⚙️ Order in Chaos: How Rate Limiters Turn Traffic Storms into Steady Streams

In today’s interconnected digital landscape, web apps and services are constantly under pressure. One ond hand, apps need to serve thousands of requests per minute from overenthusiastic clients and on the other hand, apps also need to protect themselves from malicious bots trying to brute-force login into the app. Uncontrolled traffic can overwhelm even the most robust infrastructure, leading to degraded performance for legitimate users, unexpected outages, and inflated operational costs.

To prevent from drowning in a sea of requests, services rely on an elegant and powerful defense mechanism: the rate limiter.

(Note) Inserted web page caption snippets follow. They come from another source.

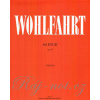 60 etud pre husle op. 45 - Franz Wohlfahrt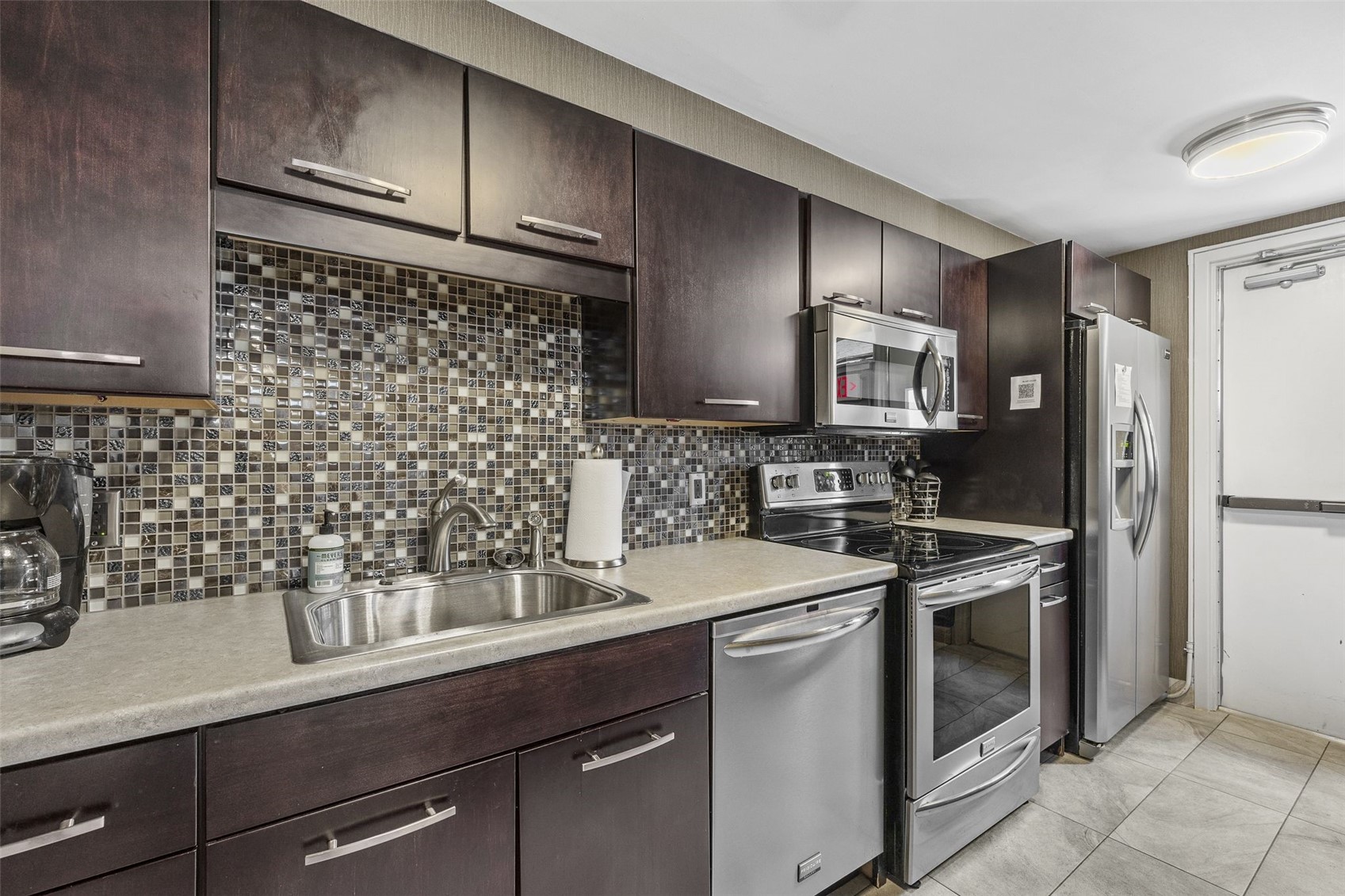 2222 1st Avenue NE Cedar Rapids IA 52402
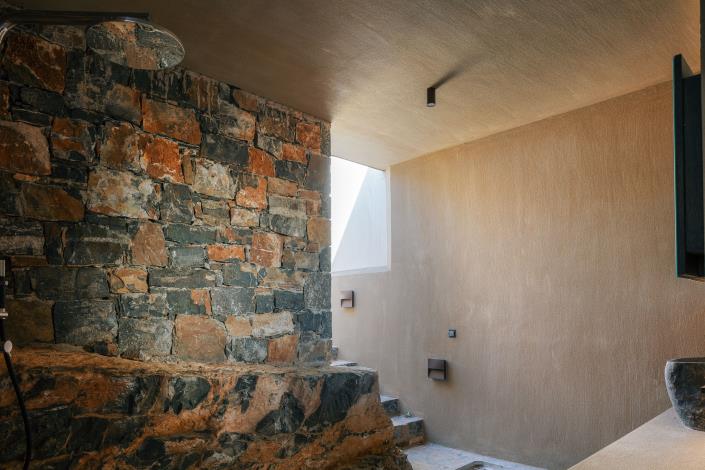 Image No.21-Villa de 5 chambres à vendre à Elounda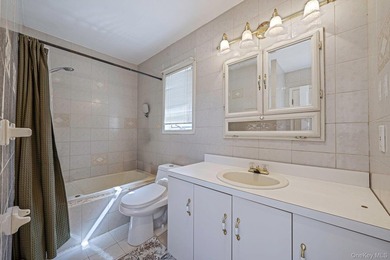 This is a rare opportunity to own a home on Anthony Drive, one - photo 26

A rate limiter enforces a cap on how many requests an entity (such as a user or client application) can make to an API or service within a defined time window. Think of it as a traffic cop for APIs ensuring that no single client monopolizes the system’s resources.

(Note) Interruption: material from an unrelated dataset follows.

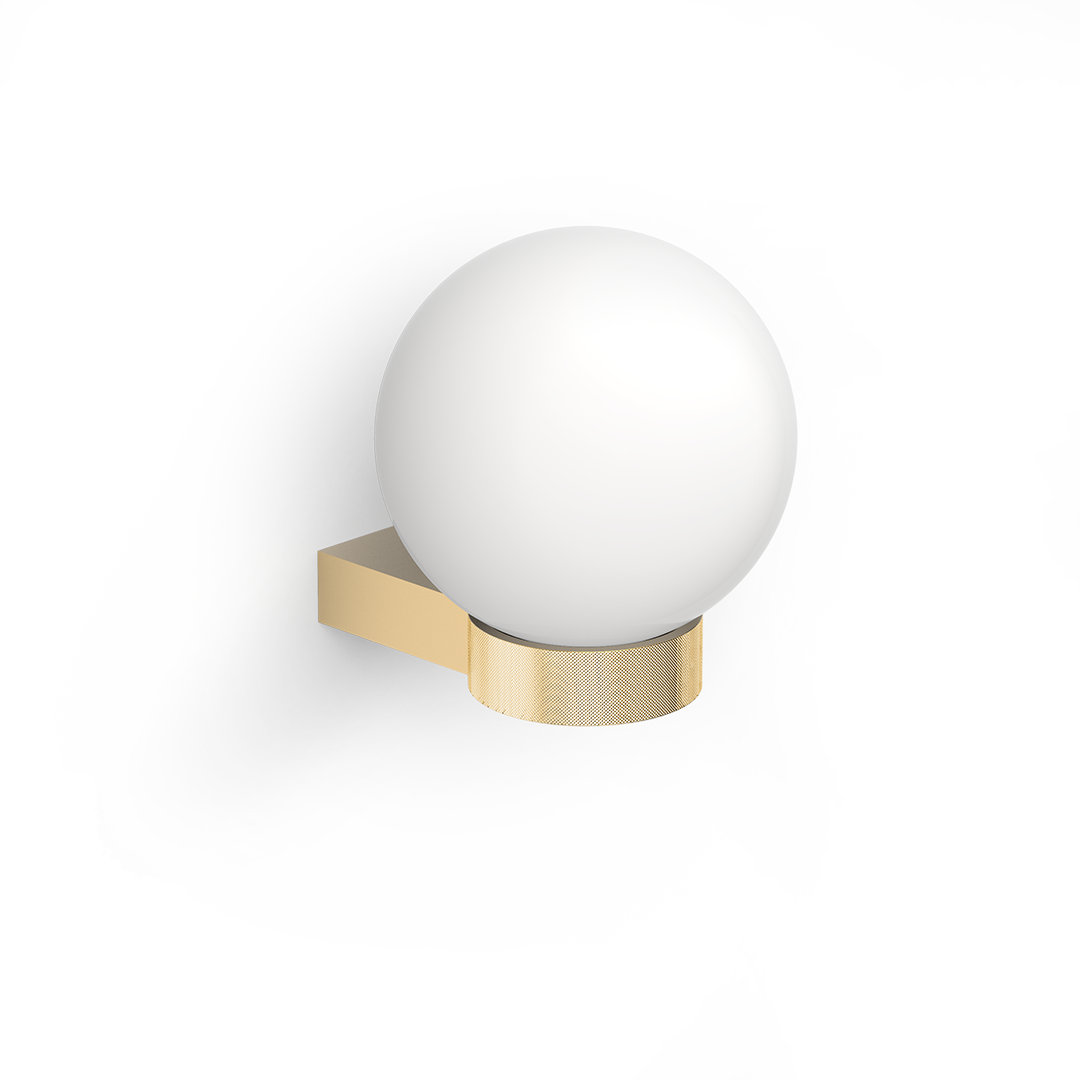 Decor Walther CLUB LIGHT Wall light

The key benefits of using a rate limiter include:

DoS Protection: Denial-of-Service (DoS) and Distributed Denial-of-Service (DDoS) attacks flood a service with excessive requests to make it unavailable. By capping requests from specific sources, a rate limiter helps mitigate these threats.
Resource Fairness: Rate limiters ensure fair resource distribution, preventing a few high-traffic clients from hogging CPU, memory, or bandwidth at the expense of others.
Cost Management: For cloud-hosted services, request volume directly affects cost. Rate limiting helps control expenses by curbing unnecessary or abusive usage of expensive resources like API calls, database queries, or serverless function executions.

With the “why” established, let’s explore how rate limiters achieve this control by examining some of the algorithms commonly used by rate limiters to manage request flow.

1. Token Bucket Algorithm

The Token Bucket algorithm is designed to strike a balance between flexibility and control. It allows short bursts of traffic while still enforcing a steady, average rate of requests over time.

At its core, the algorithm imagines a bucket filled with tokens, where each token represents permission to process one request. The bucket has a fixed capacity (known as the bucket size), defining the maximum number of tokens it can hold. Tokens are added to the bucket at a constant refill rate (for example, 10 tokens per second). If the bucket is already full, any new tokens are simply discarded.

Whenever a request arrives, the system checks the bucket. If at least one token is available, the system removes a token and processes the request. If the bucket is empty, the request must wait or be rejected.

This mechanism ensures that the system can handle short-term spikes in traffic but not sustained overload. The bucket size determines how “bursty” the traffic can be (how many requests can be processed at once), while the refill rate defines the sustained throughput, the long-term average request rate the system can safely handle.

For instance, suppose the refill rate is 5 tokens per second and the bucket size is 20 tokens. This means the system can tolerate an initial burst of 20 requests instantly, but afterward, it will only process up to 5 new requests per second as tokens are replenished. If traffic slows down, tokens accumulate in the bucket. When a sudden surge happens later, the stored tokens allow the system to absorb it smoothly, up to the bucket’s capacity.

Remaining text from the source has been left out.